Monday, July 11, 2005

cat pee

I discovered a box of books I’d brought home from my mother’s house has since been peed in by one of our cats. The pee dried. Cat pee is frightfully pungent. It’s not going to be pleasant reading a book impregnated with cat urine.

Some books I threw away:

Lloyd Alexander’s Taran Wanderer books.

A book of poetry by Jonathan London, a Sonoma County poet now best known for his children’s book Froggy Gets Dressed and its sequels.

Some Poems Heaped Up by another SoCo poet Jim McCrary.

An edition of Gulliver’s Travels I bought in England during my semester in London. I think we were in Cambridge and there was a church with a box of books on its porch. A sign above a slot in the wall asked 10p per book. It was a nice hardcover not ill-used and had a color plate in the front of giant Gulliver up to his waist in the sea pulling a fleet of ships.

A little collection of Federico Garcia Lorca’s folk song poems. Nice wood cuts of dancing crickets and such.

One of two copies of the one book by Helen Luster that I own.

A kid’s book about a boy who is banished by his caveman tribe and threatened by various prehistoric (and pre-human-era) beasts. When young I was fascinated not only by the great dinosaurs and such but by the boy’s almost-nudity (a furry black loincloth clung to him throughout his adventures) and by the enticingly cruel way the tribe tied him to a log (a sacrifice?) and threw the log into the river. I’d saved it up to now mostly to provide fodder for a blog entry. This paragraph will have to do.

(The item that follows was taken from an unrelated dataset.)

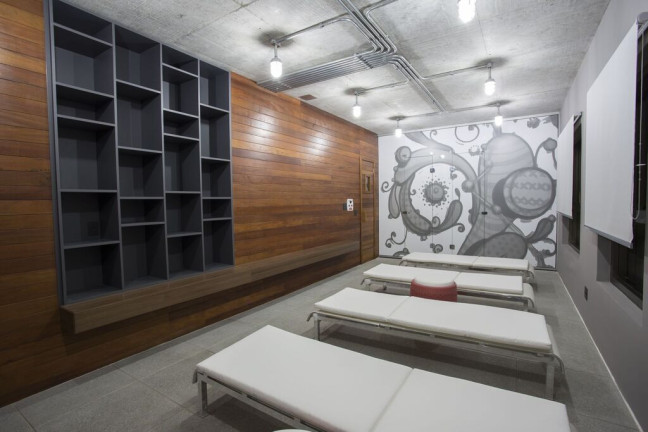 Imagem Apartamento com 2 Quartos à Venda, 70 m² em Petrópolis - Porto Alegre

All my Xanth books by Piers Anthony. Xanth is a somewhat Oz-like fantasy world in which magic is taken for granted. The pages abound with puns.

If I really miss them I can hunt these up again somewhere, I figure. Except for the poetry books. I did hold onto two books by Paul Mariah. I’m thinking about putting them in a plastic bag with potpourri or something. I don’t think a masking scent will make the cat urine stink undetectable or even non-noxious, but it may make it more weird than hideous. Who knows?

6 comments:

David Lee Ingersoll said...

Didn't the caveman book have some sort of origami dinosaurs in the back of it? I liked that book. For the dinosaurs of course. It was a tiny little 60s caveman movie. And so much shorter (and therefore with less spots) than a 60s caveman movie.

Glenn Ingersoll said...

Yup. Origami dinosaurs. Which we never cut out to fold up.

If the cat hadn't peed on it I might've even tried the craft project.

David Lee Ingersoll said...

Of course we never cut them out! That would have damaged the book! Something that I don't worry about so much these days.

hbjock said...

Awww my friend.. if the cat peed on it, throw it out! Unless you can figure out someway to get the smell off the books ;)

Glenn Ingersoll said...

Hi Jonah, nice to see your tipped to left head. I'm saving the Paul Mariah books because I don't think they'd be easy to replace & Paul was sorta my mentor for a couple years. Otherwise, yeah, stinkypee books are no good.

Glenn Ingersoll said...

I guess I don't mind the plug for the cat pee solution promoters, though it teases the solution and demands you buy the book in order to learn it. I'll throw in a link to my own post about a cat pee deodorizing formula that is cheap and easy to make at home and really works wonders: https://lovesettlement.blogspot.com/2005/11/cat-pee.html

I'll just have to say that we learned why one of our two cat brothers was so assiduously spraying through all the years we had him -- all the years, that is, except the last six months of his life, those six months being the months he lived longer than his brother. In other words, the main motivation for spraying was to hassle his brother.